The village population primarily relied on animal husbandry for their livelihood – in 1911, there were 290 families in the settlement, tending to pigs, cows and horses. The village possessed its own train station, hotel, post office and school by the 1930s.

==Demographics==
According the 2022 census, 89.0% of the population were of Hungarian ethnicity, 1.0% were Germans, 0.7% were Slovaks and 10.8% were did not wish to answer. The religious distribution was as follows: 22.7% Roman Catholic, 7.9% Calvinist, 1.1% Lutheran, 1.1% Greek Catholic 18.6% non-denominational, and 46.1% did not wish to answer.

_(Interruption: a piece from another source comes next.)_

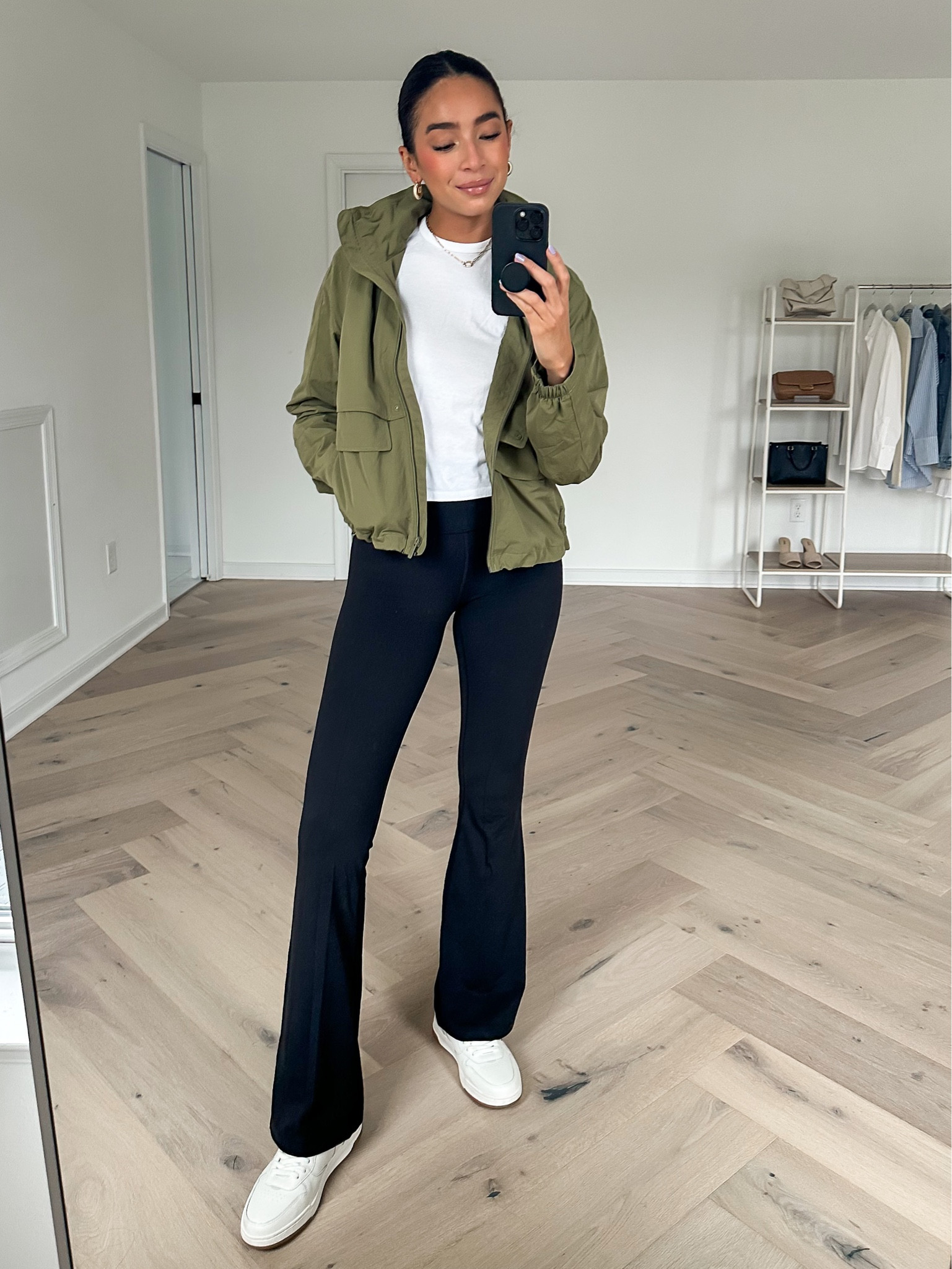 Rainy day athleisure outfit - size 6 spring jacket, size 4 lululemon groove flares, Small Abercrombie tee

301 residents live in Margitliget and other inner areas while 722 people live on Grape Hill and 166 individuals reside beside the lake, in temporary accommodations, leaving the last 30 people, who live in 3 farms. The Slovaks have a local nationality government.

Population by years:

| Year | 1870 | 1880 | 1890 | 1900 | 1910 | 1920 | 1930 | 1941 |
|---|---|---|---|---|---|---|---|---|
| Population | 1745 | 2038 | 2211 | 2284 | 2435 | 2482 | 2648 | 3719 |
| Year | 1949 | 1960 | 1970 | 1980 | 1990 | 2001 | 2011 | 2022 |
| Population | 3670 | 4163 | 5001 | 5442 | 5676 | 7519 | 8545 | 10392 |

==Politics==
Mayors since 1990:
- 1990–1998: Andor Rozbora (MDF, independent after 1994)
- 1998–2006: István Gergely (Independent)
- 2006–2019: Gábor Károly Szolnoki (Fidesz–KDNP, supported by the OTVSZ since 2010)
- 2019–: László Lukács (Independent)

==Public Safety==
The biggest issue regarding public safety is illegal waste dumping, followed by private property, garden and bicycle thefts. These issues are mostly concentrated in the outskirts of the village. The settlement has its own police office.

Unknown bad-actors broke into the infamous singer, Sarolta Zalatnay's house in June 2023.